Neurotransmitter/sodium symporter orthologue LeuT has a single high-affinity substrate site

Abstract

Neurotransmitter/sodium symporters (NSSs) couple the uptake of neurotransmitter with one or more sodium ions, removing neurotransmitter from the synaptic cleft. NSSs are essential to the function of chemical synapses, are associated with multiple neurological diseases and disorders, and are the targets of therapeutic and illicit drugs. LeuT, a prokaryotic orthologue of the NSS family, is a model transporter for understanding the relationships between molecular mechanism and atomic structure in a broad range of sodium-dependent and sodium-independent secondary transporters. At present there is a controversy over whether there are one or two high-affinity substrate binding sites in LeuT. The first-reported crystal structure of LeuT, together with subsequent functional and structural studies, provided direct evidence for a single, high-affinity, centrally located substrate-binding site, defined as the S1 site. Recent binding, flux and molecular simulation studies, however, have been interpreted in terms of a model where there are two high-affinity binding sites: the central, S1, site and a second, the S2 site, located within the extracellular vestibule. Furthermore, it was proposed that the S1 and S2 sites are allosterically coupled such that occupancy of the S2 site is required for the cytoplasmic release of substrate from the S1 site. Here we address this controversy by performing direct measurement of substrate binding to wild-type LeuT and to S2 site mutants using isothermal titration calorimetry, equilibrium dialysis and scintillation proximity assays. In addition, we perform uptake experiments to determine whether the proposed allosteric coupling between the putative S2 site and the S1 site manifests itself in the kinetics of substrate flux. We conclude that LeuT harbours a single, centrally located, high-affinity substrate-binding site and that transport is well described by a simple, single-substrate kinetic mechanism.

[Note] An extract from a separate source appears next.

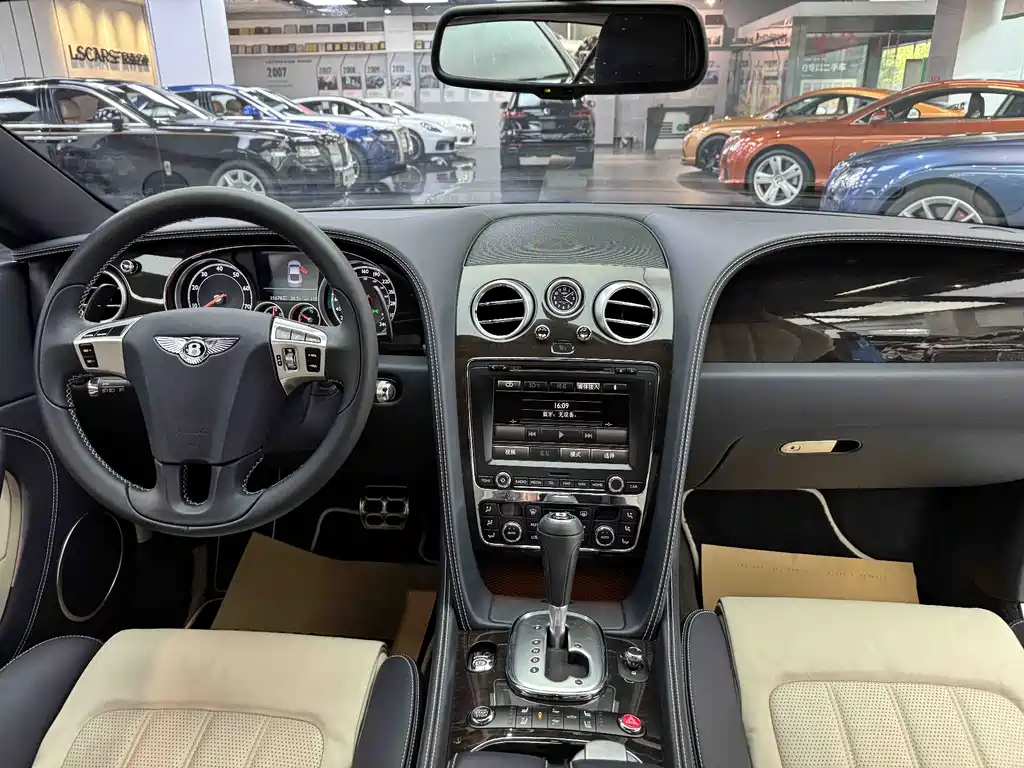 Bentley Continental 2015 — фото 11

Figure 1. Leu binding measured by ITC and equilibriumdialysis

a, b, ITC data for Leu binding to wild-type LeuT (a) and Leu binding to mutant Tyr 108 Phe–LeuT^K (see Methods) (b). Raw injection heats (expressed as differential power) are shown in the top panels and the corresponding specific binding isotherms (calculated from the integrated injection heats and normalized to moles of injectant) are shown in the bottom panels, determined at 25 °C and pH 7.0. Square brackets denote concentration. c, d, Quantitation of [³H]Leu-binding stoichiometry by equilibrium dialysis for the wild type (open circle, solid line) or the Leu 400 Ala mutant (open triangle, dashed line) (c), and for Tyr 108 Phe-LeuT^K (d). Errors bars, s.e.m.; n = 2.

Figure 2. Leu binding measured by scintillation proximity assays

a, Saturation binding isotherms and nonlinear regression analysis for wild-type LeuT (open circle, solid line), Leu 400 Ala mutant (open triangle, dashed line) and Leu 400 Cys mutant (open square, dotted line). c.p.m., counts per minute. b, Saturation binding at high LeuT concentration (~20K_d), quantifying substrate-binding stoichiometry. Symbols and lines are as in a. c, Saturation binding for wild-type LeuT in the absence (same data as in a) or presence of 1mM clomipramine (closed circle, dashed line). Error bars, s.e.m.; n = 2.

Figure 3. Transport kinetics of [³H]Ala uptake

a, Steady-state Ala uptake as a function of Ala concentration at pH 5. Inset, the corresponding Eadie–Hofstee plot with linear regression (r² = 0.93). Error bars, s.e.m.; n = 4. b, Steady-state Ala uptake at pH 5 in the presence of valinomycin to induce a membrane potential. Inset, the corresponding Eadie–Hofstee plot with linear regression (r² = 0.96). Error bars, s.e.m.; n = 2. S, substrate.

Figure 4. LeuT mechanism

Starting fromthe apo transporter in an open-tooutside conformation (a), substrate (S) and sodium ions bind, forming the outward-facing occluded conformation (b) characterized by closure of a `thin gate' over the S1 substrate-binding site. Clomipramine, which inhibits transport, binds in the extracellular vestibule, directly above the thin gate, near the putative S2 site. The substrate- and ion-bound transporter undergoes structural isomerization to form the inward-facing conformation (c), allowing release of substrate and ions to the intracellular solution, thereby generating an open-to-inside apo transporter (d) that isomerizes to the open-to-outside conformation (a).